Check each line of the listing below for the string "Isolated", and copy the ones that have it.

> _Source data_:
========
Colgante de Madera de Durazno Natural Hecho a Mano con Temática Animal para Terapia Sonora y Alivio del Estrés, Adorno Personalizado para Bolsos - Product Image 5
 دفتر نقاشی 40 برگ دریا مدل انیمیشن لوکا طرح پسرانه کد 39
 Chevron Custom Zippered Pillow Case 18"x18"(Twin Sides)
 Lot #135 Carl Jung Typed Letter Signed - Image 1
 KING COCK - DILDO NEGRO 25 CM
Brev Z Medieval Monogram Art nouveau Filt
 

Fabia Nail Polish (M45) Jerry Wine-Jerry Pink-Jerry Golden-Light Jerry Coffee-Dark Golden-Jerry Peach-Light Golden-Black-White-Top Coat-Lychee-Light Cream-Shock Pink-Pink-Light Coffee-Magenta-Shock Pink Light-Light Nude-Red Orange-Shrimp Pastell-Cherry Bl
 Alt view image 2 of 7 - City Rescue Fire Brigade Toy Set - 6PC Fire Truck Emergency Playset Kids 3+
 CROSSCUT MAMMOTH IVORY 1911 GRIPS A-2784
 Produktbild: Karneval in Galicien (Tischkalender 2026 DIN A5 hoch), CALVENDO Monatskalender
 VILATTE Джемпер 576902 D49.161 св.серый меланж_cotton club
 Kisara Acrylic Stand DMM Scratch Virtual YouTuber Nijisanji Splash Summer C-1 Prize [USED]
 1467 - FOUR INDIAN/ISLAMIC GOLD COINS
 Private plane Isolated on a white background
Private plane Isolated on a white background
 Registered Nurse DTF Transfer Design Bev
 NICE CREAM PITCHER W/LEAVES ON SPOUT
========
> _Response area_:
 Private plane Isolated on a white background
Private plane Isolated on a white background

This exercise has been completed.